[Data records]
--

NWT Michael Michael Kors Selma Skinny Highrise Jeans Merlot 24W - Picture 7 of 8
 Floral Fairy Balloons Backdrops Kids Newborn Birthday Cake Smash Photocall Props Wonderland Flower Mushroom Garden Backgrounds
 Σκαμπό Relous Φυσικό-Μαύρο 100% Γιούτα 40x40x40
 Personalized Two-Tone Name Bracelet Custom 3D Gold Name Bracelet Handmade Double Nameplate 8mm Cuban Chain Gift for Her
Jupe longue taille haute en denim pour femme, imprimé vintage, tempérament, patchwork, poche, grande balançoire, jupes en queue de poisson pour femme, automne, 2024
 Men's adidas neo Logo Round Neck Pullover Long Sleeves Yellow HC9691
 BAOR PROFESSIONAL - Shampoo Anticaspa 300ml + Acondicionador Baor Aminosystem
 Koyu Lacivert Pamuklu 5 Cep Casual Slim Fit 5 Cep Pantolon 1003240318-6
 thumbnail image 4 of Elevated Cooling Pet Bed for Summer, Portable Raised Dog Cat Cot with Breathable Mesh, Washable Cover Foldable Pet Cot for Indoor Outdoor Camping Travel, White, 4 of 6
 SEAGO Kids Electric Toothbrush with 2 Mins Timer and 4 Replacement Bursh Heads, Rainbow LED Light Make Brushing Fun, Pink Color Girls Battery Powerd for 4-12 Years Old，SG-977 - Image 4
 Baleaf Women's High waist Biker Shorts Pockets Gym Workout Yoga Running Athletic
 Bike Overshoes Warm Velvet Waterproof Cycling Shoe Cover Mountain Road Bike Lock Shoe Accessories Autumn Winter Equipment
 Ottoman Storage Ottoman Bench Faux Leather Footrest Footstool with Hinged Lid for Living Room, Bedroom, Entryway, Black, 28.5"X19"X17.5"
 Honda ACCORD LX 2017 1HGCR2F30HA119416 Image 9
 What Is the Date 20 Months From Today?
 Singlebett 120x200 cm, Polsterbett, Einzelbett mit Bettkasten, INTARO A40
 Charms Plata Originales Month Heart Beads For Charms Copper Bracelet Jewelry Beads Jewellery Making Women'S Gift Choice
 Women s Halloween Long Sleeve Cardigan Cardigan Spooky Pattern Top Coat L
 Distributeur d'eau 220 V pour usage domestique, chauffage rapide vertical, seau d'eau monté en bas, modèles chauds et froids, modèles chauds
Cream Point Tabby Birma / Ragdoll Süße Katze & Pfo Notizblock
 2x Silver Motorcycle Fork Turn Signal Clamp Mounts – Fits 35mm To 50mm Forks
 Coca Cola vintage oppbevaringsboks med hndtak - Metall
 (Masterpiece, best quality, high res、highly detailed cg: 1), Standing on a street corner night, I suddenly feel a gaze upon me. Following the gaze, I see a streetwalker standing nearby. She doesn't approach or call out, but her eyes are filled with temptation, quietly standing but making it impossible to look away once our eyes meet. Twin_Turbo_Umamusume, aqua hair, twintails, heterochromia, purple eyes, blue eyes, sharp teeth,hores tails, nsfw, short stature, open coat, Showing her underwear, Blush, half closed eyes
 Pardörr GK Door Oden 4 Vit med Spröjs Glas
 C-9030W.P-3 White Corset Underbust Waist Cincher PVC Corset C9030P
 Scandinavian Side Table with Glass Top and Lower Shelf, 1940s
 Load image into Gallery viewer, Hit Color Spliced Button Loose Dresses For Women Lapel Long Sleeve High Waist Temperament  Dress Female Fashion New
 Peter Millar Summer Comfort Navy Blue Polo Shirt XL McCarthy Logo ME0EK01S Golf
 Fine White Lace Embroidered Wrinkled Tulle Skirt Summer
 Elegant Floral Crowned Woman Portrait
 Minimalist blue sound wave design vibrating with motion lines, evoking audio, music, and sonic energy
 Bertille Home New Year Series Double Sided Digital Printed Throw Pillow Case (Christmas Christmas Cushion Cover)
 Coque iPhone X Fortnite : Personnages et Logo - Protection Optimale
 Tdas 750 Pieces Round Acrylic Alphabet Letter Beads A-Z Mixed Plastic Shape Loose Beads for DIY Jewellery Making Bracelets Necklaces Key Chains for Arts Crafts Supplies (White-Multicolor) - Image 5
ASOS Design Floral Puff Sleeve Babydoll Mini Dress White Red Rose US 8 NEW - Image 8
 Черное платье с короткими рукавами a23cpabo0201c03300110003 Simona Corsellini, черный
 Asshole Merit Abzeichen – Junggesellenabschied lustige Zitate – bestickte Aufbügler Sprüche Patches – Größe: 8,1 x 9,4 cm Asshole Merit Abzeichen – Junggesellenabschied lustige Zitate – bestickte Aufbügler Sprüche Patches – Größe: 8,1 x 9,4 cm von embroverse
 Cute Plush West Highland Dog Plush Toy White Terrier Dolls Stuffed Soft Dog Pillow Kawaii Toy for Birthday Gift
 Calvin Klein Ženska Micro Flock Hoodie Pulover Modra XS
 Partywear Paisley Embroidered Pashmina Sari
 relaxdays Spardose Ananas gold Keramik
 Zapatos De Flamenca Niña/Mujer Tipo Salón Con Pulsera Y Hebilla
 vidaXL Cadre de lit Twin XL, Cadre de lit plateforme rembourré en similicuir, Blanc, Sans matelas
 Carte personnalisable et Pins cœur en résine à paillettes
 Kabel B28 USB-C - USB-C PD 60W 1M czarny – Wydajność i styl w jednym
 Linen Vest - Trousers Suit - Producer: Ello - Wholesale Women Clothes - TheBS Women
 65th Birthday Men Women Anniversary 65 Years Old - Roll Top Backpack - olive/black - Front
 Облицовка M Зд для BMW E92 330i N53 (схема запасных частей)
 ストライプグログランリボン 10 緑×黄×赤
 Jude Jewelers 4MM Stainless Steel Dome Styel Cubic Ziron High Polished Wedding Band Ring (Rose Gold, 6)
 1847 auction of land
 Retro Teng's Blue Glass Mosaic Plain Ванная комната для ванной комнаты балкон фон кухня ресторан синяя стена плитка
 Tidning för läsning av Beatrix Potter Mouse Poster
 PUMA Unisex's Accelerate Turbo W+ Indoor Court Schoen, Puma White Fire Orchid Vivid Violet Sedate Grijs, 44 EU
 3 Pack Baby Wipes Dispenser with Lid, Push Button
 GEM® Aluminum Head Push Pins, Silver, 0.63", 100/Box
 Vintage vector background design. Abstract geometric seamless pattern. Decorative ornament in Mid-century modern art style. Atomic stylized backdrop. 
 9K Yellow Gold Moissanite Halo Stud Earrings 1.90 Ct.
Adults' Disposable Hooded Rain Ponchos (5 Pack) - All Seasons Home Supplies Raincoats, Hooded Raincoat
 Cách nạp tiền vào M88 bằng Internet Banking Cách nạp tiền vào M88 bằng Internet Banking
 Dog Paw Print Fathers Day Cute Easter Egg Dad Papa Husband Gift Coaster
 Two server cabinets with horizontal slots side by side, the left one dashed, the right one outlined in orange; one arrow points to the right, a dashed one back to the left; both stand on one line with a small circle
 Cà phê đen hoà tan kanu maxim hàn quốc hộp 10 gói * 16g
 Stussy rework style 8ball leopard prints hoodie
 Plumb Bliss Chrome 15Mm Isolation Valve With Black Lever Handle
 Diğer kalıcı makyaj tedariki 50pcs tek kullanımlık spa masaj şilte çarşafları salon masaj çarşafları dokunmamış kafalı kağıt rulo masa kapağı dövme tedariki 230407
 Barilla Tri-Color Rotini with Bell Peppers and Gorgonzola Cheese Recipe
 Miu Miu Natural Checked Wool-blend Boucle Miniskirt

--

Problem requirements: Filter the entries and keep only the lines holding "Embroidered".

Answer below:
 Fine White Lace Embroidered Wrinkled Tulle Skirt Summer
 Partywear Paisley Embroidered Pashmina Sari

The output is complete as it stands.